Alex said:

Given that IIA is incompatible with Pareto and non-dictatorship (i.e. impossible for any realistic public election method)

I reply:

IIAC isn't incompatible with Pareto and non-dictatorship. Only for rank methods. That's only a limitation of rank methods. Plurality doesn't have that limitation. Neither does Approval. Arrow's impossibility theorem could be entitled "Arrow's Limitation of Rank Methods".

If that's important to someone then they'd like Plurality better than Condorcet. Mysefl, I prefer Condorcet to Plurality. So then it must be that, at least for some of us, Arrow's limitation of rank methods isn't important.

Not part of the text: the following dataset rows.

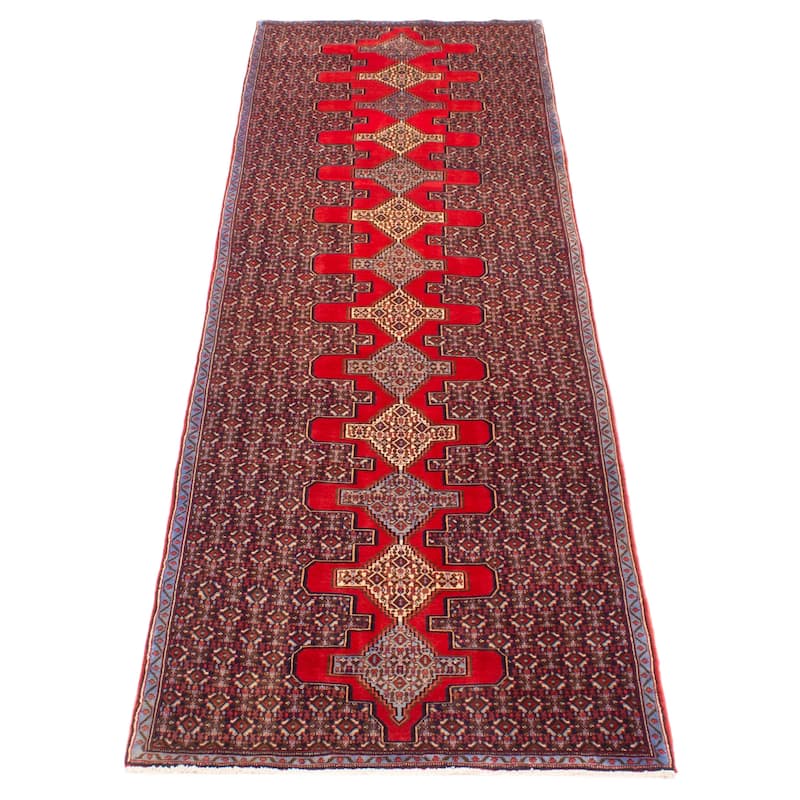 ECARPETGALLERY Hand-knotted Kayseri Red Wool Rug - 3' 4" x 10' 10"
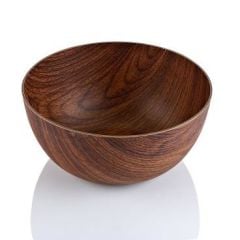 Evelin Ahşap Görünümlü Yuvarlak Kase - Çerezlik 16 x 8,5 cm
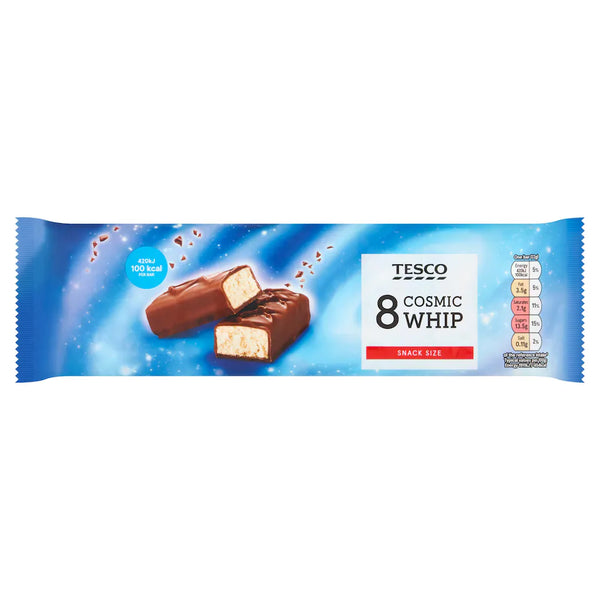 Tesco 8 Cosmic Whip Chocolate Bars, 22g
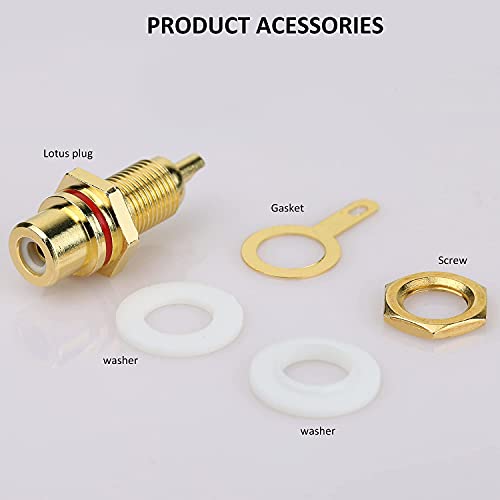 10 pzas Conector RCA Hembra Panel Audio Negro y Rojo miniatura 5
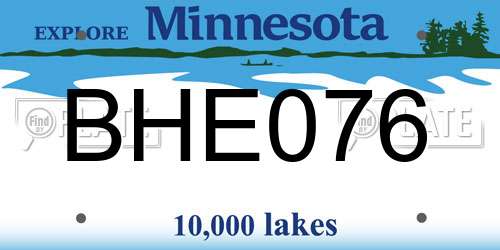 BHE076 Minnesota License Plate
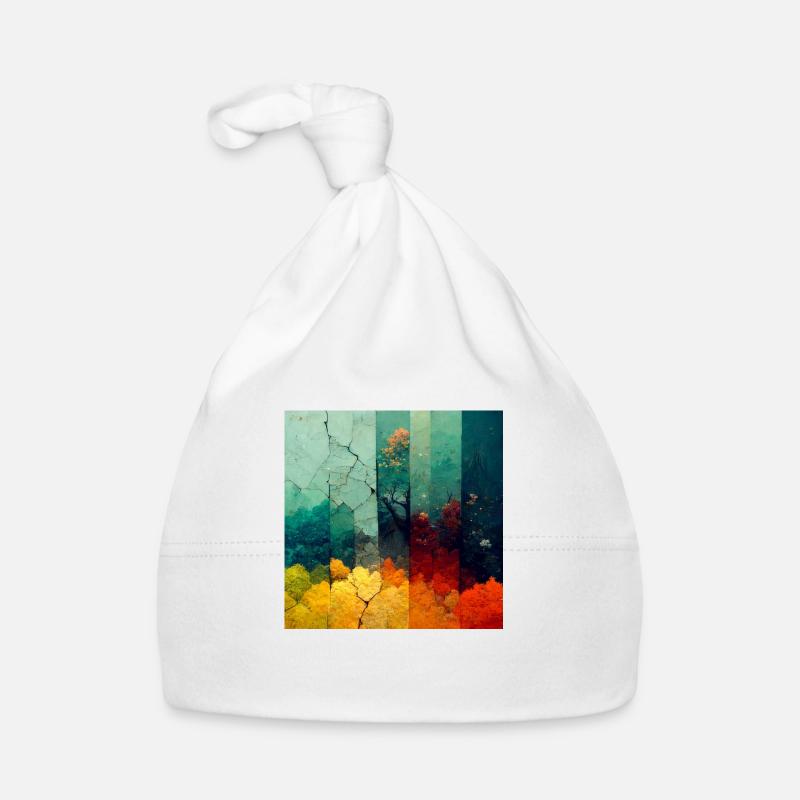 Saisonal degradierter Wald - Baby Bio-Mütze - Weiß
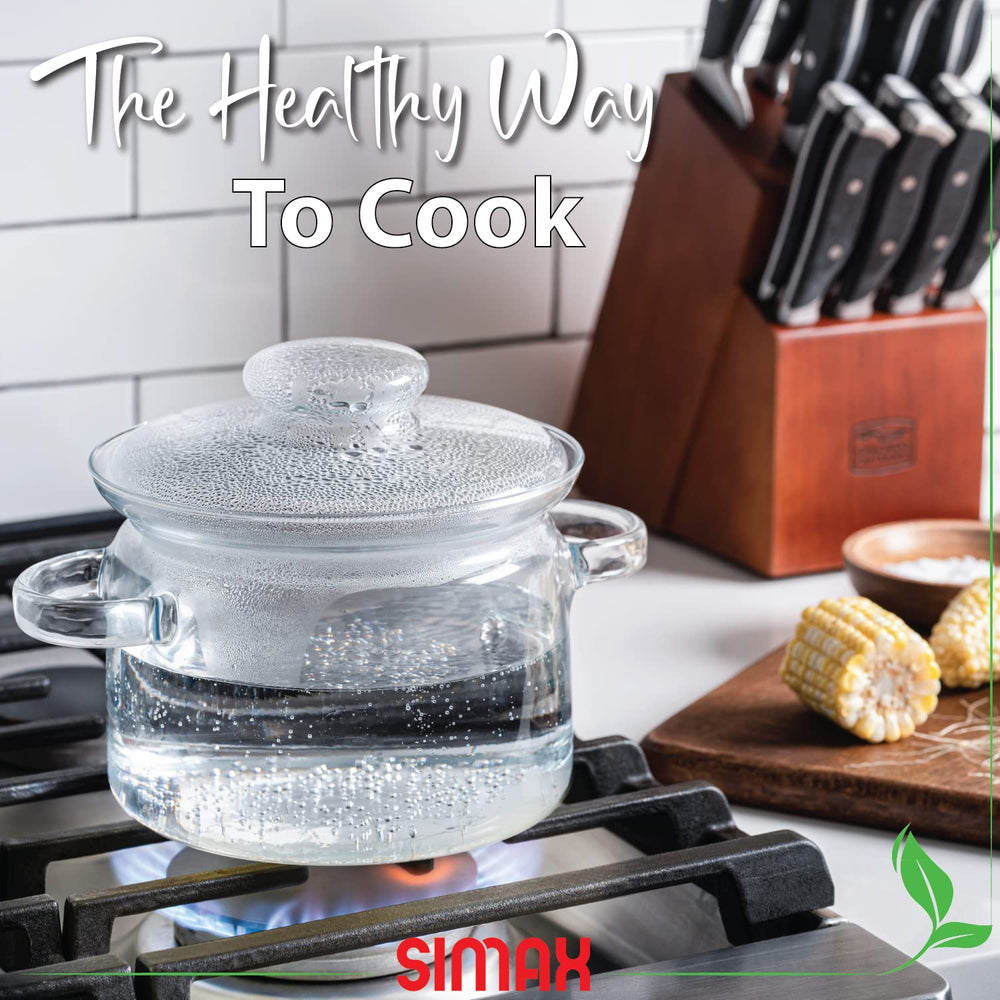 SIMAX casserole en cuisson avec légumes montrant la cuisson uniforme et le suivi visuel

The above is true if IIAC can be described by my brief votes-only definition. If Arrow's elusive definition says something different, then of course there's always the possibllity that Approval and Plurality might fail Arrow's unposted IIAC.

Alex continues:

, from a practical perspective, IIA is a worthless criterion.

I reply:

Agreed.

Alex continues:

So the value of Arrow's Theorem is not simply that it proves IIA is impossible. It is that he shows that:

1) Seemingly simple properties can be impossible to satisfy, indicating that election methods can be subtle and complicated things
2) Some of these subtleties can be addressed by general statements that transcend any particular method, meaning that election methods need not be studied method-by-method. Sure, there's a place for that approach, but that approach can be supplemented and informed by a more general analysis.


I reply:

Fair enough. Arrow may have been first with demonstrations like that.